Nine years later their work was finished, all 38 meters of it. So on that day they all stood at the feet of their Jesus, while that first nameless pilot rose and prophetically cried again to the city below and to God above: “Here at last, we’re here at last! Praise the lord, we’re here at last!” Taking an exalted breath, his eyes wide open in a crazed moment of prophesy that only chronic bomb-out pilots speaking about the never-seen goal line are capable of achieving, he continued his historic speech, to be plagiarized later (April 11, 2016, if you want to be precise) by a less fictional, yet even more ridiculous than this story, US president: “Guys, we’re gonna turn it around, and we’re gonna start winning again. We’re gonna win so much. We’re gonna win at every level. We’re gonna win in cross country, we’re gonna win in acro, we’re even gonna win in that stupid Eastern European discipline… what was the name?.. Ah, yeah – accuracy landing!
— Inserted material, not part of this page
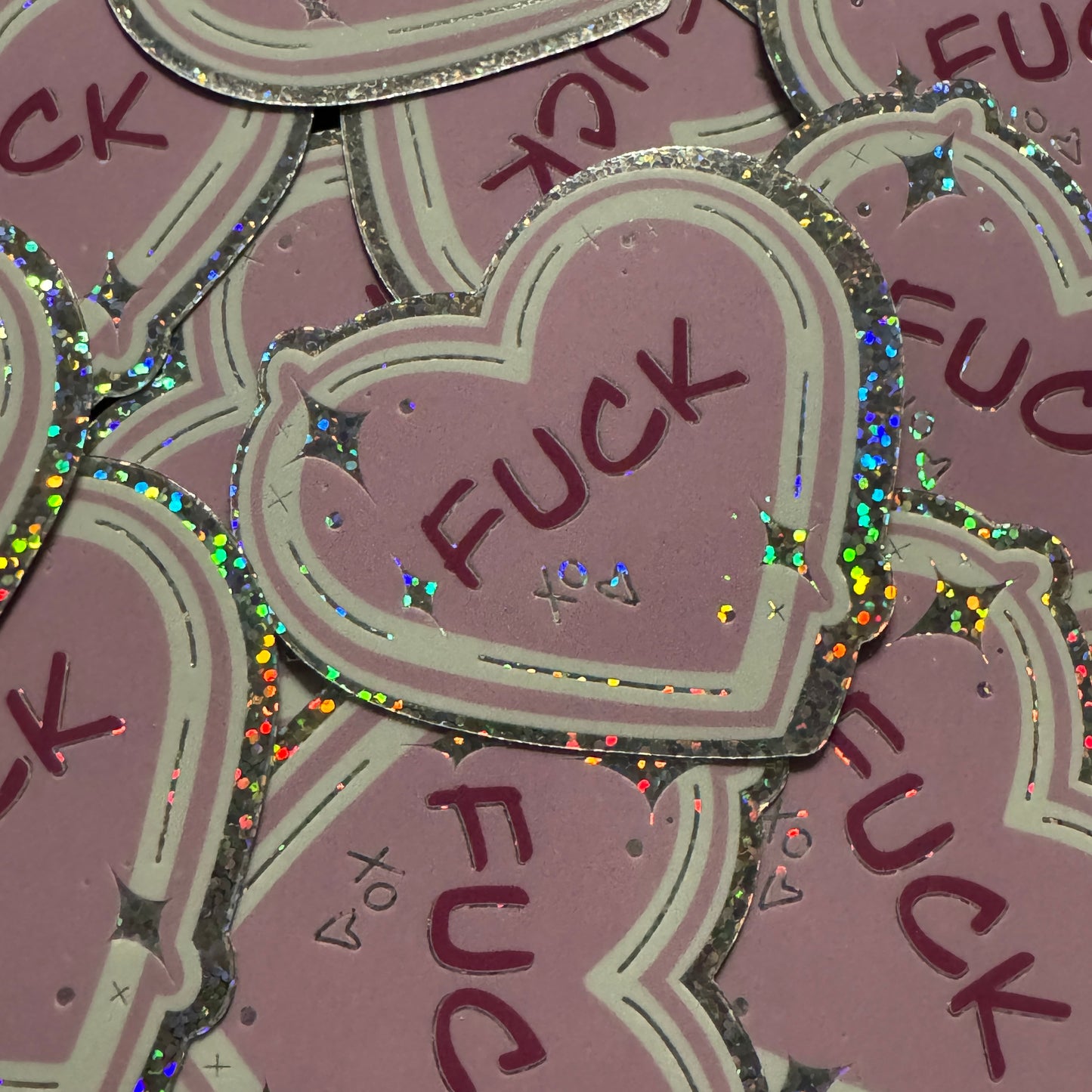 Fuck Heart Sticker (Glitter)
We’re gonna win with every single facet. We’re gonna win so much, you may even get tired of winning. And you’ll say, ‘Please, please, it’s too much winning. We can’t take it anymore. Jesus, it’s too much’. And He’ll say, ‘No, it isn’t. You have to keep winning. You have to win more. You’re gonna win more. You’re gonna win so much. I love you, Rio! Get out and fly! You will be so happy! I love you.'” the nameless pilot prophesized, and the bomb-out crew of born again flying masons cheered their hats off and ran back down the hill to get their gliders (the later plagiarized version of that speech: https://www.youtube.com/watch?v=daOH-pTd_nk ).
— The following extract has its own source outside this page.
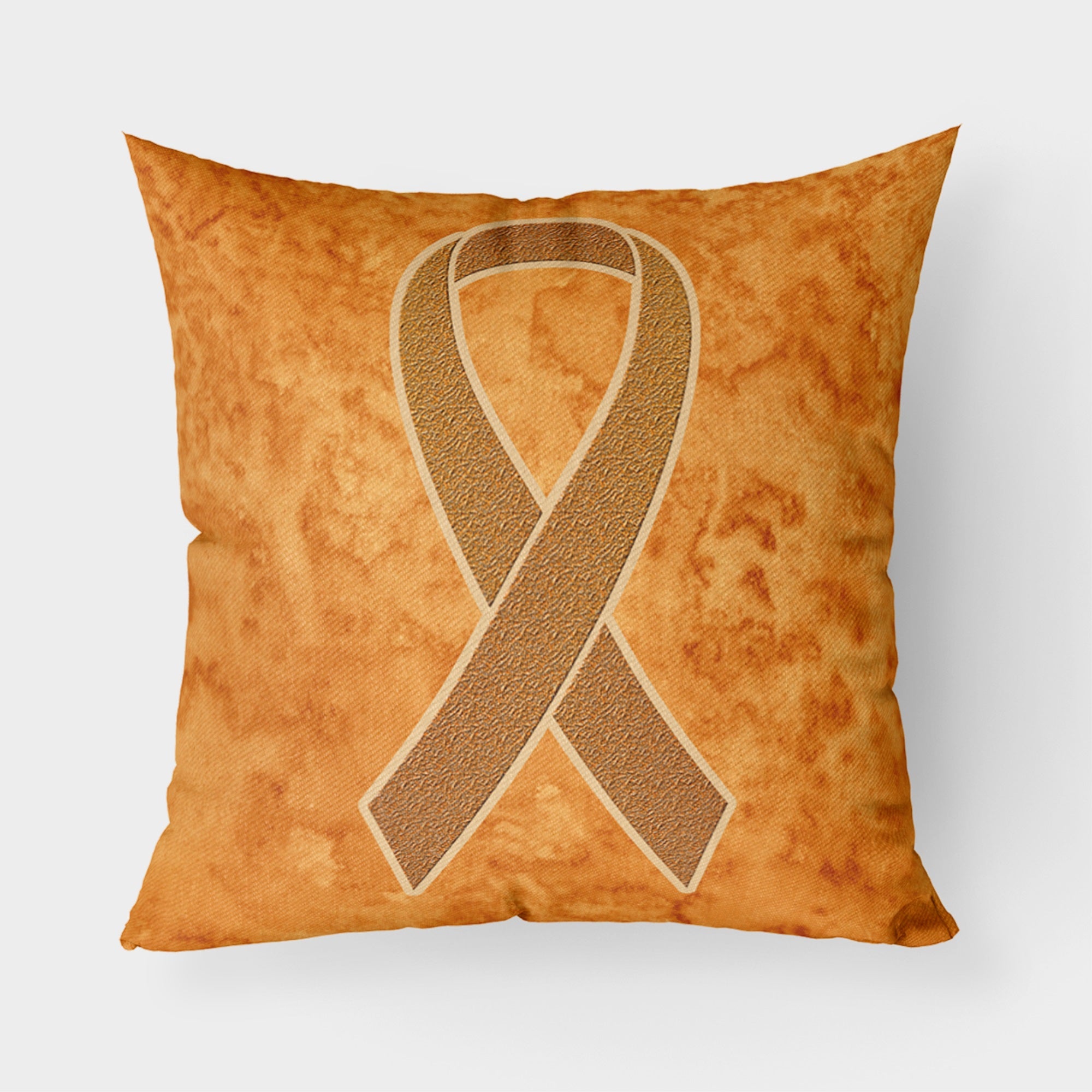Orange Ribbon For Leukemia Awareness Fabric Decorative Pillow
Fast-forward 76 years to my performance at the Paragliding World Cup Super Final, and I was feeling a bond with those pioneers. For I was deep in the lower half of the ranking too, my heart searching for redemption. So to Cristo I flew, and, suddenly, heavenly, all was well again! The bastard was perched up there so God-damn beautifully, I had to believe again! Circling around him like a happy little fly around a lamp of faith, he whispered in my ear so I understood what I already knew but in those moments of angst had started to forget. That all is good in the garden. One rotation (around him). That we are the lucky ones, living the dream. Another rotation. And that I should respect group flying a bit more and not improvise my own lines all the time (especially at a place as tricky and unpredictable as Valadares). Simple things, really.
Thank you, Jesus, for being there for me and my friends on that day, your figure striking us in a way not less valid than religion, with the pure awe of your majesty in that surreal garden of yours, that psychedelic garden of sea, rock, jungle and city so beautiful, you must be feeling quite the groove up there. So we joined you in it.
I’ve been asked many times by people who don’t fly: “What’s the best place you’ve flown at?” My standard answer is that there is no such “best” place – that asking me this question is like asking me who the most beautiful woman in the world is – there is no such woman. But if I have to choose, I choose Saint André for pure racing and Rio de Janeiro for pure beauty. This season I was lucky to fly both places for the second time in my life, and they both delivered marvelously. Except that this time I managed to get the Super Jesus Bonus of getting to the Cristo, too. It hadn’t been a big goal of mine or anything, I had just thought it would be cool to do it. But when I glided high between the puffy clouds, his statue looming larger and larger to the backdrop of the urban jungle, granite monoliths, bays and islands and beaches beyond, when I could see him in front of me as the glorious piece of godly sculpture watching over this great city, arms open, serene – that’s when I understood.
The rapture. I didn’t need to be Christian, but I could have converted right that instant.
Convert I didn’t. I was still Yassen the failed super-finalist atheist, in need of redemption, and now I was getting redemption full on! YES, Cristo! Yes!!
So I was circling around him, at all heights, from his feet to his waist to his arms and around the head and above and back down again, clockwise and counterclockwise – I was enveloping him like a tireless hug that wants nothing else but what hugs always want – to keep hugging. I was hugging him with the arms of the atheist not believing in god but seeing god, and feeling at that moment not what the New Testament says about some mostly fictional son of god, but what any sensual person is bound to experience in his life in those few but magic moments of truth. That all the beauty in this world is One and all is divine. And he who sees this, who feels this, who knows this – he is blessed to be. As we all were, flying with the Cristo on that day.
p.s. If you ever have a problem, such as ridiculously fucking up a Paragliding World Cup Superfinal in Brazil, I suggest turning up to his statue for help. Remember, that’s what he’s perched on that cliff for – helping a brother pilot out, making us feel great again.